What led to such a building being built in tiny Columbus, Indiana?
J. Irwin Miller was born into privilege in 1909 in Columbus, the great-nephew of the founder of the Cummins Engine Company. He attended all the right schools, eventually returning to Columbus to ultimately run the business. Today, Cummins generates $20 billion in revenues and is the largest independent diesel engine maker in the world. But Miller departed from the norm of today’s business leaders. He was on speed dial with Martin Luther King Jr. and once said: “Character, ability, and intelligence are not concentrated in one sex over the other, nor in persons with certain accents or in certain races or in persons holding degrees from universities over the others. When we indulge ourselves in such irrational prejudices we damage ourselves most of all, and ultimately assure ourselves of failure in competition with those more open and less biased.”
Miller also believed the way forward was forward, not backwards. He was also an architecture fan. As Dallasites can easily imagine, back in the 1950s, Miller thought the schools being built to accommodate the Baby Boomers were boring and unimaginative. He approached the local school board with an offer. He’d pay the architect’s fees if they’d build modernist designs from a list of architects whose work he enjoyed.
The result wasn’t just a few nifty schools on the prairie, but local businesses taking up the cause and hiring their own starchitects for projects large and small.
The Avenue of Architects
The result is that Columbus was named in 2006 as the sixth-most architecturally innovative city in the United States by the American Institute of Architects. Obviously Dallas doesn’t outrank it, but being the sixth after Chicago, New York, Boston, San Francisco, and Washington, D.C., is staggering for such a small town.
In downtown Columbus, there’s what Saarinen protégé Gunnar Birkerts called, “The Avenue of Architects.” At less than a mile long, this stretch of 5th Street features buildings, landscapes, and art installations any city would covet, including two National Historic Places. But Columbus’ architecture chops go beyond this to include six national historic landmarks.
Everything kicked off when Miller’s congregation at the First Christian Church wanted to build a new church. They went modern with an Eliel Saarinen design that became the town’s first modernist building in 1942, eventually named a national historic landmark. Looking at the picture above, it does not strike you as a 76-year-old building, does it?
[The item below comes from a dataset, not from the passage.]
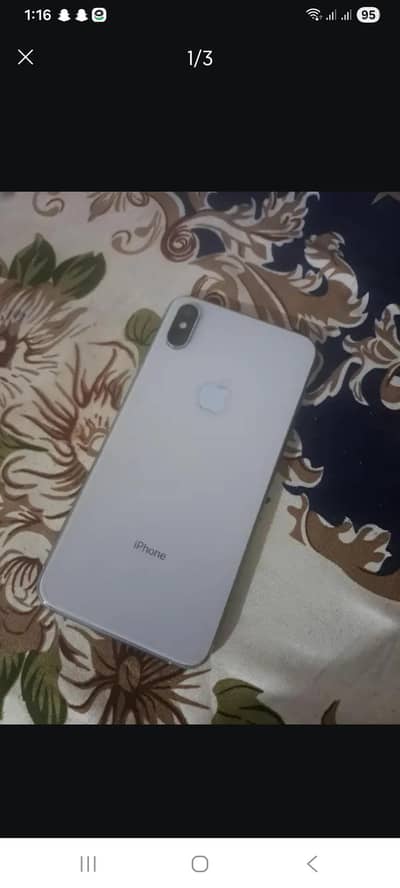 iPhone XS Max(PTA Approved)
The St. Louis Gateway Arch or the TWA building at JFK airport may bring to mind the Saarinen name. Eliel was arch designer Eero’s father. And like father, like son, Eero built in Columbus, too (with associate Kevin Roche). Above is a photograph of J. Irwin Miller’s home designed by Eero Saarinen in 1952.
Three years later in 1955, Eero Saarinen and Kevin Roche designed the North Christian Church a low-slung building with a captivating spire. That design produced this interior sanctuary space.
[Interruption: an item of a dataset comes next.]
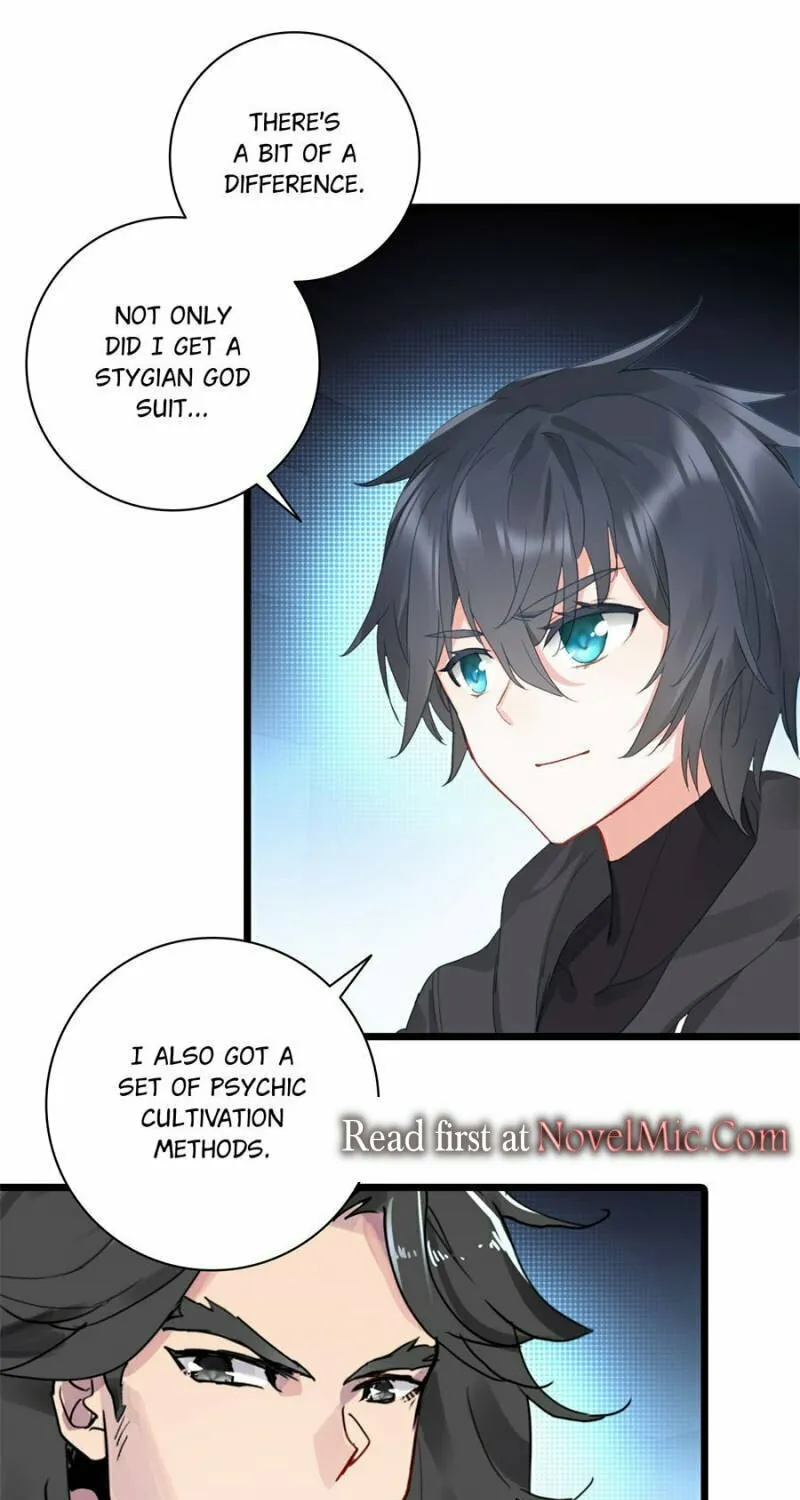 Swallowed Star Chapter 259 page 7 -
Even more workaday buildings like a fire station merited a star’s touch with this 1964 example by Robert Venturi who won the Pritzker Prize in 1991. Venturi began as a modernist, transitioning to post-modernism in his later career.
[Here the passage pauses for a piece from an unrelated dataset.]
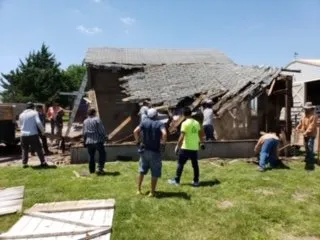 Slide of Bob's Construction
The most recent school project is the Central Middle School replacement by Ralph Johnson, completed in 2007. This demonstrates that while Miller died in 2004, the Cummings Foundation he setup is still working with the Columbus school system to continue building good, modern architecture.
Many Dallasites will remember Cesar Pelli’s design for the McKinney & Olive building. But a few years earlier, he was building the Advanced Manufacturing Center of Excellence in Columbus.
This all barely scratches the surface of the architectural treasures found in this small town of 46,000 residents. There’s a Koetter Kim-designed parking garage, the Irwin Bank (now conference center) also designed by Eero Saarinen, another fire station designed by William Rawn, the public library by I.M. Pei, and eight buildings of Kevin Roche.
With this scant list of Columbus’ modernist buildings, it’s not hard to understand why Indiana University jumped at the chance to house their master’s degree program in architecture in Columbus. It’s also not difficult to understand why they named the program after J. Irwin Miller.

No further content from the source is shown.